Hutt City Council votes to revert Petone's name back to Pito-one

The suburb of Petone in Wellington's Hutt Valley could be in for a name change to Pito-one.

The Hutt City Council has voted in support of a proposal to return the area to its original name - and it's gone down well with locals.

It was brought to the council by a number of iwi groups, who want to restore the original name of the area. 

"I declare the motion carried," the council chair said, during the vote.

The council is supporting a proposal to rename the suburb of Petone to Pito-one, which was the original name of the area until settlers changed it.

The council wants to correct historic injustices.

"We are in a privileged position as elected mayors to make decisions that will impact future generations," said Hutt City Council Mayor Campbell Barry.

The name Pito-one comes from the local beach, and is a culturally significant site for the local iwi, Te Āti Awa.

Pito-one beach is important to local iwi.
Pito-one beach is important to local iwi. Photo credit: Newshub.

The current Petone is a misspelling and mispronunciation of the original Māori name.

"The name talks about us as Te Āti Awa when we moved to live around the harbour, and establishing our sense of place," said Liz Mellish, chair of the Palmerston North Māori Reserve Trust.
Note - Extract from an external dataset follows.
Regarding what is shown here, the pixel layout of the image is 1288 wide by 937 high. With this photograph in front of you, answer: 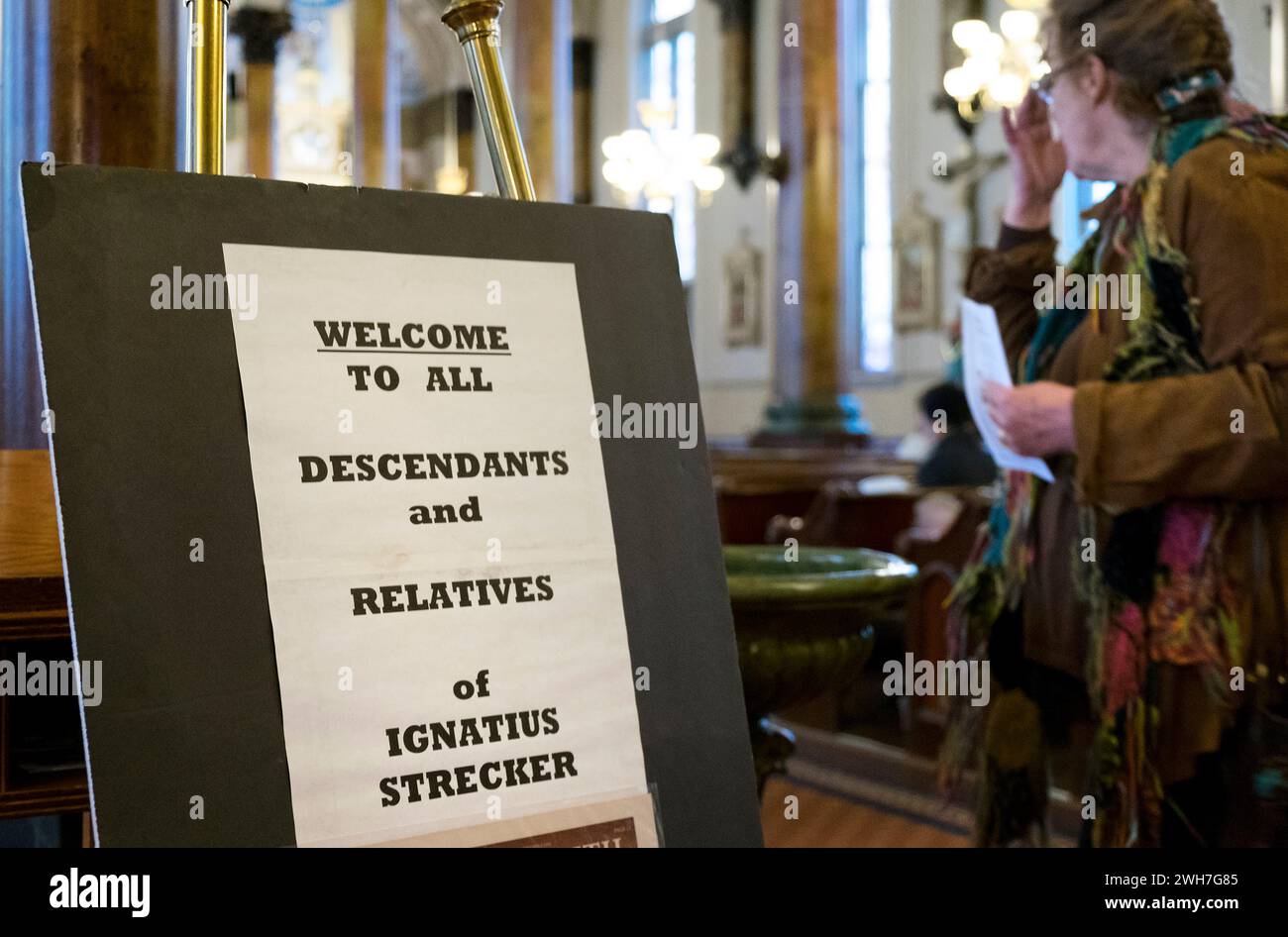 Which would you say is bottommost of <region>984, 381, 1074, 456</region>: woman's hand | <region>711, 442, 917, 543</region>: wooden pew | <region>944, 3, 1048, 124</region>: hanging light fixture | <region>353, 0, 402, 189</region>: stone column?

Mellish is from Te Āti Awa and she's been advocating for the name change for years.

She helped put forward the proposal to the council.

"It's a small step but it enables us to educate our own people who live in the Hutt Valley," she told Newshub.

Liz Mellish (Te Āti Awa) helped take the proposal to restore the name of Pito-one to Council.
Liz Mellish (Te Āti Awa) helped take the proposal to restore the name of Pito-one to Council. Photo credit: Newshub.

And people Newshub spoke to around town supported the change.

"Most towns and cities they're changing to Māori names, so I'm happy with that," said one local woman.

"I think it's always been important to acknowledge Te Ao Māori, especially when it comes to spelling," another told Newshub.

"I think it's pretty cool to be touching back on the Māori culture and the roots," one man said.

Culture and roots that were finally recognised by the council today.

The next step is getting the Geographic Board to do the same.